Docs » µAPM Deployment Guide » High-Scale Smart Gateway clusters

High-Scale Smart Gateway clusters 🔗

When operating as a cluster, the SignalFx Smart Gateway can scale horizontally to very large volumes of inbound traces and spans to support the largest of applications. To make the deployment and operation of such large clusters (typically above 10 nodes) easier, we recommend the deployment and/or use of a separate Etcd cluster instead of relying on the Smart Gateway’s embedded Etcd component. This not only allows for larger clusters, but also for smoother deployment and management of the Smart Gateway instances themselves, and opens the door to autoscaling your Smart Gateway cluster if necessary. In this configuration, the Smart Gateway instances no longer become members of the Etcd cluster but instead simply connect to it as clients.

For more detailed recommendations on how many Smart Gateway instances to run in your cluster, refer to the Sizing recommendations.

The example below will install and configure a standalone 3-node Etcd cluster, along with a 3-node Smart Gateway cluster behind a NGINX load balancer. To scale that cluster up, add similarly configured Smart Gateway instances connecting to the same Etcd cluster, and register them in the NGINX configuration.

Deploying and running an Etcd cluster 🔗

Running Etcd separately from your Smart Gateway instances has several benefits.

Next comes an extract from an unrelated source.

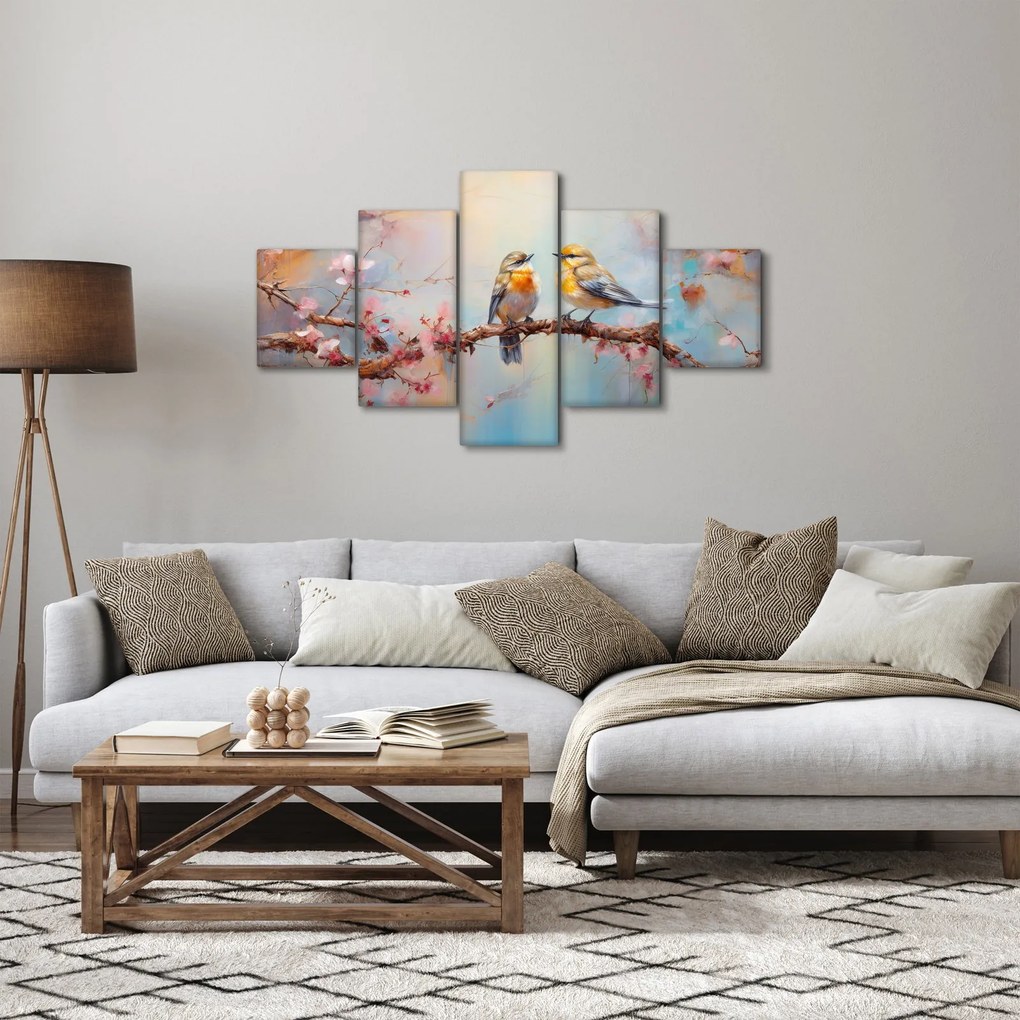 Obraz - Gołąbki (125x70 cm)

By running Etcd independently, you can leverage existing Etcd documentation, best practices and operators for a more transparent view of your Smart Gateway cluster orchestrator. As clients of this Etcd cluster, the Smart Gateway instances can start, stop, restart or auto-scale without affecting the membership or stability of the Etcd cluster and without any specific bootstrapping or orchestration requirements.

Etcd cluster sizing 🔗

When running standalone, Etcd is a very stable, low-maintenance and low-requirements software to run in your infrastructure. The Smart Gateway does not make a high volume of requests to Etcd so it can be run on a small set of low-cost instances in your infrastructure. Refer to Etcd’s hardware recommendations guide for guidance on cluster size and instance types; a simple 3-node setup will serve most Smart Gateway cluster deployments.

Cluster bootstrapping 🔗

To bootstrap the Etcd cluster, start by creating a discovery address to help the Etcd nodes discover each other. If you intend to run a larger Etcd cluster, adjust the size parameter accordingly.

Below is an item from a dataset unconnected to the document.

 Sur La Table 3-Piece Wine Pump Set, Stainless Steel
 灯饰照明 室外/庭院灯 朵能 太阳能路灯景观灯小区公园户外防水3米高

$ curl https://discovery.etcd.io/new?size=3
https://discovery.etcd.io/3e86b59982e49066c5d813af1c2e2579cbf573de

Then start each Etcd instance with that discovery address using the following command, on each instance (replace the ETCD_SERVER_ADDRESS with the local IP address of each node, respectively):

$ etcd --name sgw-etcd --initial-advertise-peer-urls http://ETCD_SERVER_ADDRESS:2380 \
  --listen-peer-urls http://ETCD_SERVER_ADDRESS:2380 \
  --listen-client-urls http://ETCD_SERVER_ADDRESS:2379,http://127.0.0.1:2379 \
  --advertise-client-urls http://ETCD_SERVER_ADDRESS:2379 \
  --discovery https://discovery.etcd.io/3e86b59982e49066c5d813af1c2e2579cbf573de

Runtime reconfiguration 🔗

After the cluster starts up, add or remove instances using etcdctl or Etcd’s HTTP API, as described in the Etcd Runtime Reconfiguration Guide. You should not attempt to use discovery for adding/removing instances to a running cluster.

Round-robin DNS 🔗

To make the configuration of your Smart Gateway instances easier, you can define a round-robin DNS name for your Etcd cluster instances. This can be done by defining A records for the same DNS name for each one of your Etcd servers in your DNS zone file. If you are deployed on AWS and rely on Route 53, you can find additional information about configuring Simple Routing with multiple values here.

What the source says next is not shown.